Angeblich wollte sie sich jahrelang der Polizei stellen – aber nach dem Tod von Mundlos und Böhnhardt zündet sie trotzdem die letzte Wohnung an und verschickt Bekenner-DVDs? Und warum präsentiert Zschäpe ihre Unschuldsversion erst jetzt, nach fast drei Jahren Prozess?
Mitangeklagter André E. belastet
Auf all diese Widersprüche ging Zschäpe auch in ihrer zweiten Einlassung kaum ein, sie haben Bestand – und machen die Aussage weitgehend zur Makulatur.
Und dennoch gibt es einen gewichtigen Unterschied zur ersten Wortmeldung. Denn Zschäpe eröffnet dem Gericht diesmal, was sie damals tunlichst verschwieg: die Namen früherer Helfer aus der Szene. Es sind einstige Kameradschaftler oder Aktivisten des inzwischen verbotenen Blood&Honour-Netzwerks, einige bis heute in der rechten Szene aktiv.
Sie sollen dem Trio Wohnungen verschafft, ihnen Dokumente überlassen oder Konten für sie eröffnet haben. So fanden es auch schon die Ermittler heraus. Nun aber bestätigt es Zschäpe – und nennt noch zwei neue Waffenlieferanten.
Mehr noch: Auch den Mitangeklagten André E. beschuldigt sie. Dieser habe das Trio ebenso tatkräftig unterstützt, noch auf der Flucht habe er Wechselwäsche seiner Frau überbracht. Die Attacke überrascht: Denn André E. und seine Frau Susann gehörten zu den engsten Freunden des Trios im Untergrund, zu den letzten Vertrauten. Die Treffen mit der Familie und ihren zwei Söhnen hätten ihr gutgetan, sagte Zschäpe noch am Donnerstag, auch weil sie selbst keine Kinder bekommen kann. Und dann vollzieht sie auch hier den Bruch.
Kodex des Schweigens
Auf die von Zschäpe Beschuldigten dürfte nun juristisches Ungemach zukommen. In der rechten Szene wird man ihr das nicht vergessen. Dort gilt bis heute der Kodex: Vor Gericht wird geschwiegen. Schon gar nicht werden Kameraden verpfiffen. André E., bis heute Neonazi, trug selbst im NSU-Gerichtssaal noch einen Pullover mit der Aufschrift „Brüder schweigen“, bis heute verweigert er eisern die Aussage.
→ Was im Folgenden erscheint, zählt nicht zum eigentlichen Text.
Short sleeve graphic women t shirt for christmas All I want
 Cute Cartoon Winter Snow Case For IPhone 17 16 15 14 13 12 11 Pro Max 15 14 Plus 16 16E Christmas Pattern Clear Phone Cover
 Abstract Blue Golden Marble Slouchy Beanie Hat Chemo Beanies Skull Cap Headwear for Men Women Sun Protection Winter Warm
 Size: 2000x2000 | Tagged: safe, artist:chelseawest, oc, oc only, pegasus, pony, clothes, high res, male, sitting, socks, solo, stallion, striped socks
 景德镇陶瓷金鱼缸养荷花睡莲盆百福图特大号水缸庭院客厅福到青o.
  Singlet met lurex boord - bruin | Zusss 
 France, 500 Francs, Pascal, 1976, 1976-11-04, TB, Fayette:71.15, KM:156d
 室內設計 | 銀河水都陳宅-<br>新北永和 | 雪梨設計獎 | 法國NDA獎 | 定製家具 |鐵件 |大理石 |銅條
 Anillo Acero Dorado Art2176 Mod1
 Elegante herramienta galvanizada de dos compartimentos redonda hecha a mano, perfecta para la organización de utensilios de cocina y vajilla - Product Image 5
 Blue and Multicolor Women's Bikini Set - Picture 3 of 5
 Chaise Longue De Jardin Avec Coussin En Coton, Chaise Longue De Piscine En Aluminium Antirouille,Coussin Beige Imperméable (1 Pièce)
Viele Zeugen aus der rechten Szene mauerten im Prozess. Und nicht umsonst kündigte der Angeklagte Ralf Wohlleben, ebenfalls weiter unter Neonazis vernetzt, seine Einlassung als „Akt der Notwehr“ an. Mit dem eilfertigen Verweis, seinen „Idealen“ treu zu sein.
Zschäpe nun verlässt diesen Kodex. Für sie ist es der letzte, verzweifelte Rettungsversuch, um vielleicht doch noch einer Höchststrafe zu entkommen: lebenslänglicher Haft, womöglich mit Sicherungsverwahrung. Wie taktisch Zschäpe vorgeht, zeigt auch, dass sie von ihren Beschuldigungen ausgerechnet den als wichtigsten NSU-Waffenbeschaffer angeklagten Wohlleben verschont – der sie zuvor in seiner Aussage auffällig wohlwollend beschrieb.
Die Taktiererei aber hat eine Konsequenz: Zschäpe versenkt ihre Ideologie für die Hoffnung auf ein paar Jahre Freiheit. Es ist ein aus ihrer Sicht nachvollziehbares Manöver. In der rechtsextremen Szene aber dürfte Zschäpe nach diesem Auftritt jeden Kredit verspielt haben.
Wo sich der NSU in seiner Bekenner-Botschaft noch im Dienste der Szene sah, als „Netzwerk von Kameraden“, bleiben für diese Szene nun nur noch zwei tote Mörder und eine Nestbeschmutzerin“. Ohne Frage ist die Gefahr rechtsextremer Gewalt, auch terroristischer, weiter gegeben, heute wieder mehr denn je. Aber wenn der Prozess in München die Dekonstruktion des Mythos NSU in der rechten Szene erreicht hat, dann ist das schon mal nicht das Schlechteste.